For those who felt Rodriguez simply didn't belong, there was a follow-up question: What did he need to do to keep his job, and if he didn't, who might replace him? The most common answers among the bad-fit crowd that day were eight wins, and Brady Hoke, who had coached the defensive line on the 1997 national title team. Carr had earned his players' loyalty by handling a deluge of criticism with complete restraint—he could be abrupt, abrasive, even argry, but never gave off a whiff of self-pity—then proved his critics wrong. Hoke couldn't claim all that, of course, but the players he coached in the mid-1990s were the ones leading the charge. He had earned some loyalty, too.

Hoke was hardly a national name. Whenever fans and pundits discussed replacement candidates, Jim Harbaugh came up most often that spring, and Les Miles second. The lesser-known Hoke seemed like a long shot at the time, but among this influential group, he was the clear favorite.

How much sway the Carr contingent held over the process was entirely debatable, but no one could deny that some of Rodriguez's problems were his own doing. As spring turned to summer, Demar Dorsey was becoming one of them.

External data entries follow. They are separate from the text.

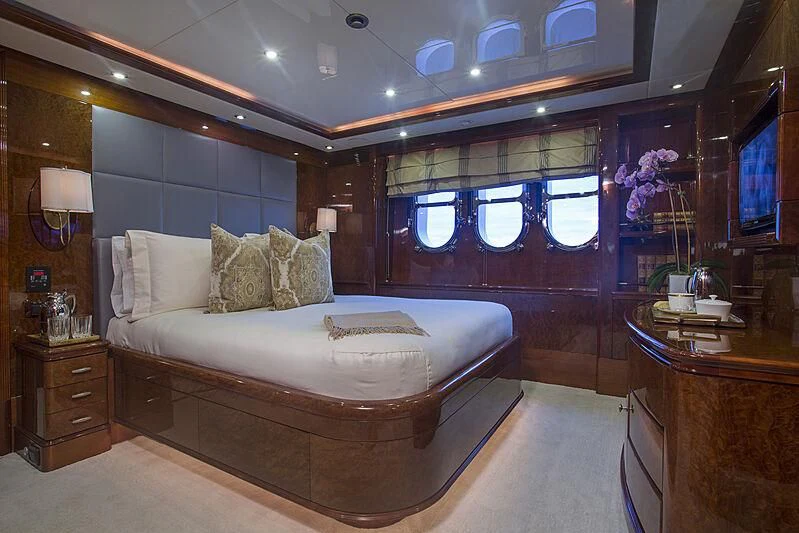 a large bedroom with a large bed aboard DOMANI Yacht for Sale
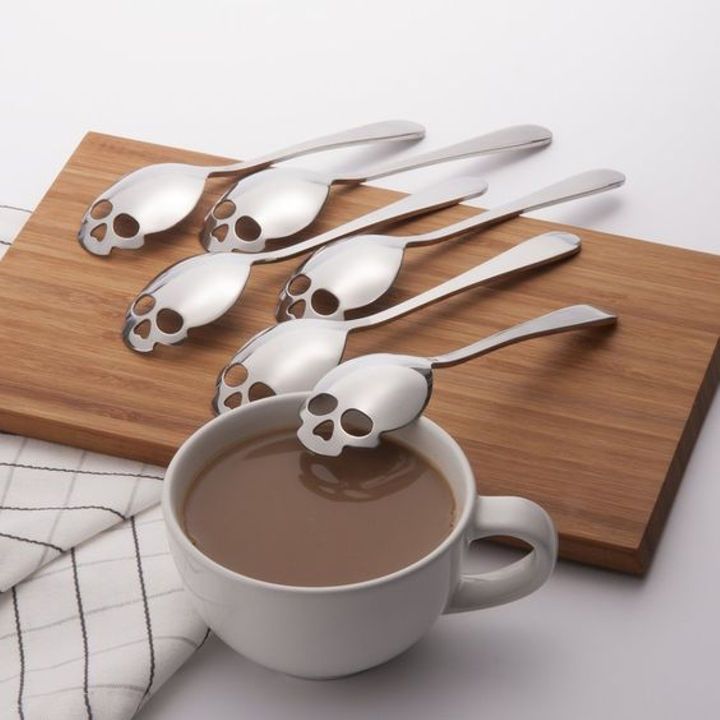 six spoons with skulls on them are sitting next to a cup of hot chocolate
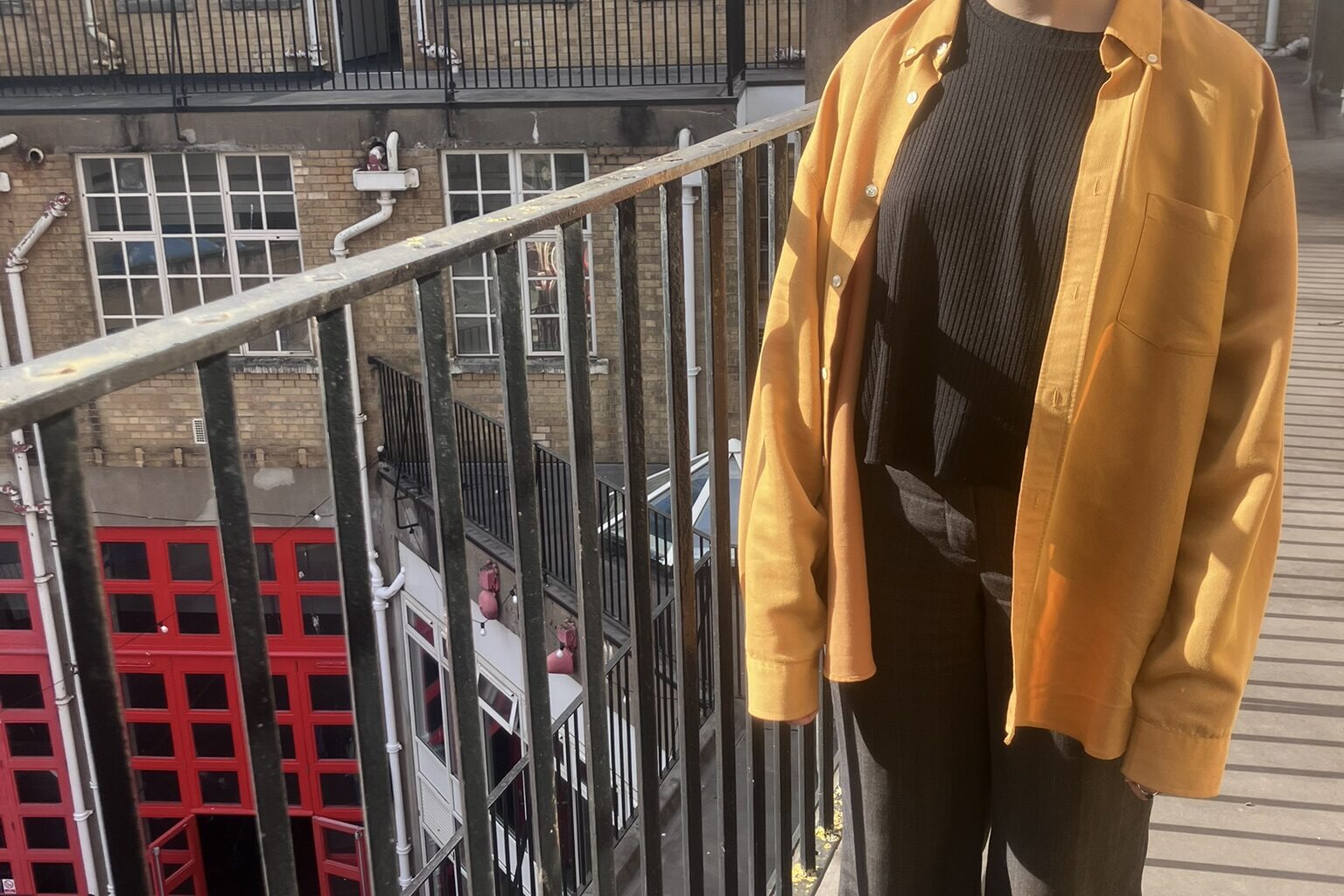 A woman and standing and smiling on a balcony, wearing a yellow jacket and black trousers. A bright red tour is on the ground floor.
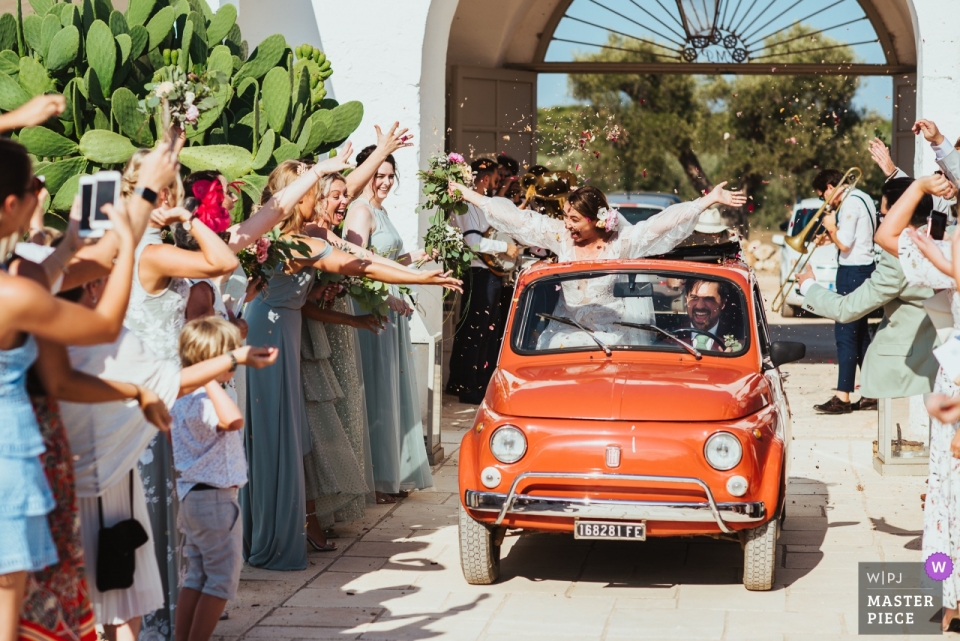 Foto por: <a href="https://www.wpja.com/contests/2018-v17/best-wedding-photographers/2340241"> Mark Wallis - Belper Derbyshire </a> Una pareja conduce a través de una línea de invitados de bodas lanzando confeti en un automóvil Fiat vintage en Masseria Potenti en Italia
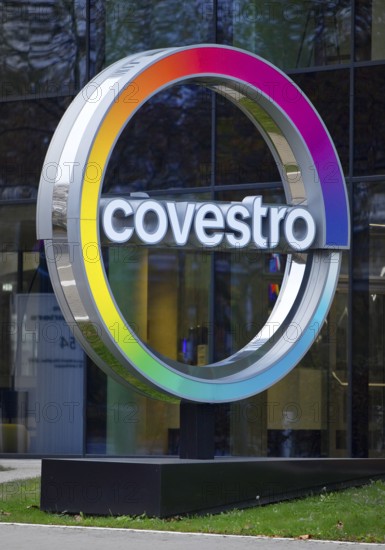 Covestro AG, company logo in front of the corporate headquarters at dusk, Leverkusen, Bergisches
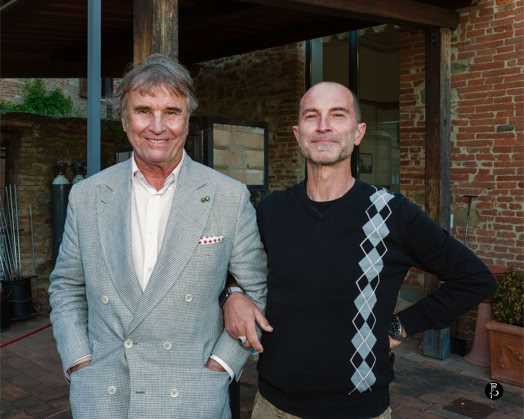 Due uomini in posa all'aperto, uno con giacca grigia e l'altro con maglione nero con motivo a rombi. Sullo sfondo, un edificio in mattoni. Uno degli uomini è Brunello Cucinelli, l'altro Paolo Zuchegna Fotografo Umbria Toscana Ritratti Immobili Aziende, Google Street View e opere d'arte. Perugia, Città della Pieve, Orvieto.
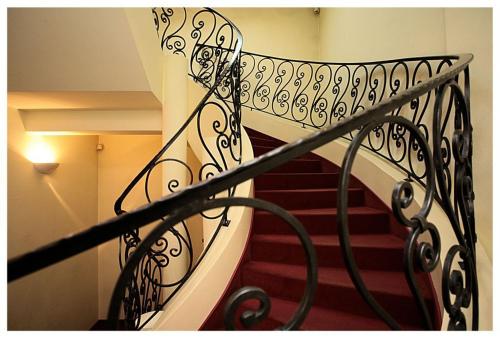 a staircase with a wrought iron railing in a building at Piwnica Rycerska Kęty in Kęty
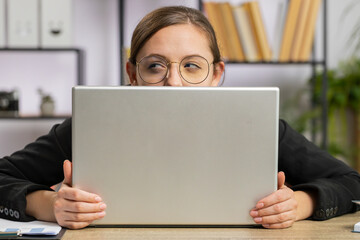 Confident business woman hiding behind laptop computer, looking at camera, spying his colleagues...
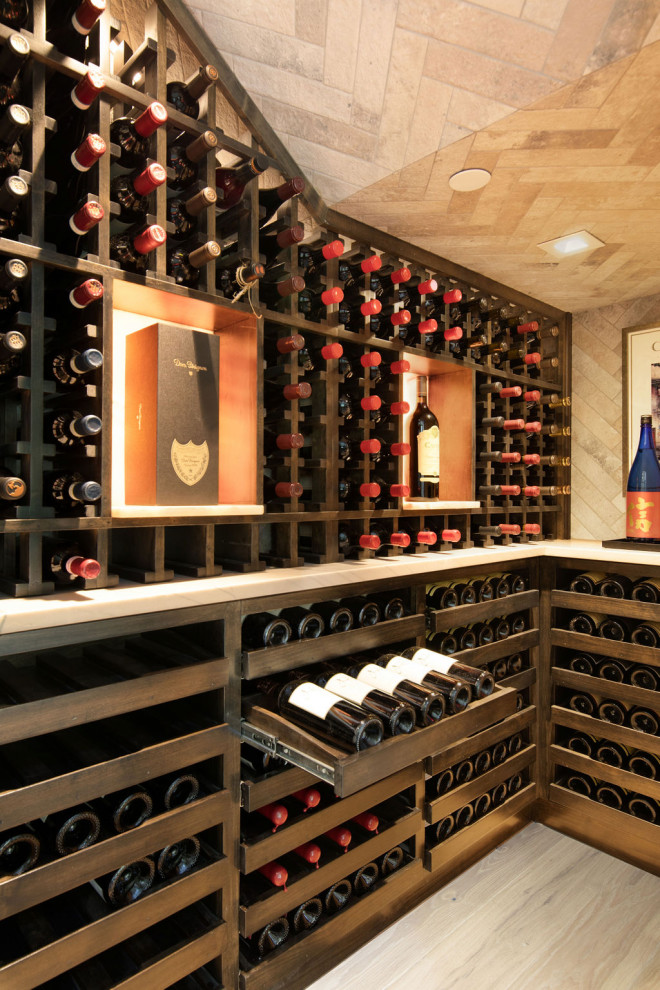 Inspiration for a mid-sized transitional wine cellar in Austin with light hardwood floors and storage racks.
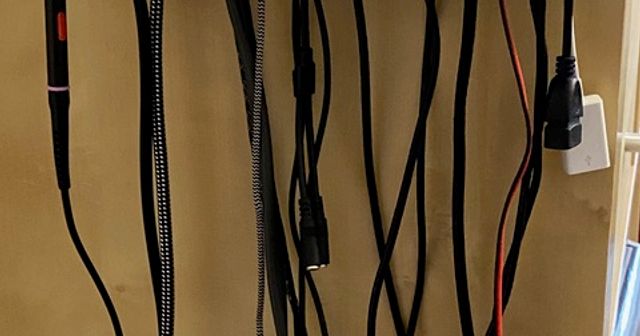 Organizador de cables de pared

For all the hits Rodriguez took on signing day for taking Demar Dorsey, by June it appeared he would not even get the payoff of having the fleet-footed five-star phenom in his depleted defensive backfield. The sticking point, it turned out, was not Dorsey's checkered past. That could be rationalized as something he'd learned from, an argument Michigan had used a few times over the years with the occasional reformed player. No, the sticking point was Dorsey's academic present.

The night before National Signing Day, Rodriguez, Chris Singletary, and Brad Labadie went up to the Hill to meet with director of admissions Ted Spencer, newly hired provost Phil Hanlon, and, by phone, Dave Brandon. They met to discuss five academic risks Rodriguez was recruiting, including Demar Dorsey.

Brandon and the people on the Hill might have been a bit uncomfortable, but they gave Rodriguez permission to offer all of them scholarships, though that did not guarantee admission. Brandon let it be known, however, that at Michigan such candidates should be the exceptions, not the rule, and the unofficial cap going back to Schembechler's regime had always been kept at about four or five. Rodriguez's first two full classes had had about twice that, so Brandon made it clear this would be the last year. Rodriguez accepted that.

For just about everyone involved, there were risks. If Rodriguez didn't get some players who could help on defense—fast—he would have great difficulty getting the seven or eight wins most people thought he needed to keep his job. Of the four players on the table that night besides Dorsey, one played quarterback and the rest played linebacker. But Rodriguez also knew if they embarrassed the program, the problem would be his. He was betting on his ability to get the best out of borderline candidates, which had already resulted in a few of them achieving 3.0 GPAs, but a few of them dropping out, too.

As the spring unfolded, the players tended to determine their own fates, with only Jake Ryan making it to the fall in uniform. Two failed to meet NCAA requirements, so they enrolled in prep schools to improve their grades and scores. (One signed for Marshall in 2011, and another for Miami, Florida.) Another was admitted but flunked out of school by the end of summer term.